_Problem details_. Each line of the records is to be copied verbatim.

Data items
+ + + +
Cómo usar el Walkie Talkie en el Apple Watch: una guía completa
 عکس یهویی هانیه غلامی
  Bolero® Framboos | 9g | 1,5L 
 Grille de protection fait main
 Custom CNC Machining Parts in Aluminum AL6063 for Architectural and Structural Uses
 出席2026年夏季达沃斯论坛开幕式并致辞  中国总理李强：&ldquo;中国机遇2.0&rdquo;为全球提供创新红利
+ + + +
_Solution below_.
Cómo usar el Walkie Talkie en el Apple Watch: una guía completa
 عکس یهویی هانیه غلامی
  Bolero® Framboos | 9g | 1,5L 
 Grille de protection fait main
 Custom CNC Machining Parts in Aluminum AL6063 for Architectural and Structural Uses
 出席2026年夏季达沃斯论坛开幕式并致辞  中国总理李强：&ldquo;中国机遇2.0&rdquo;为全球提供创新红利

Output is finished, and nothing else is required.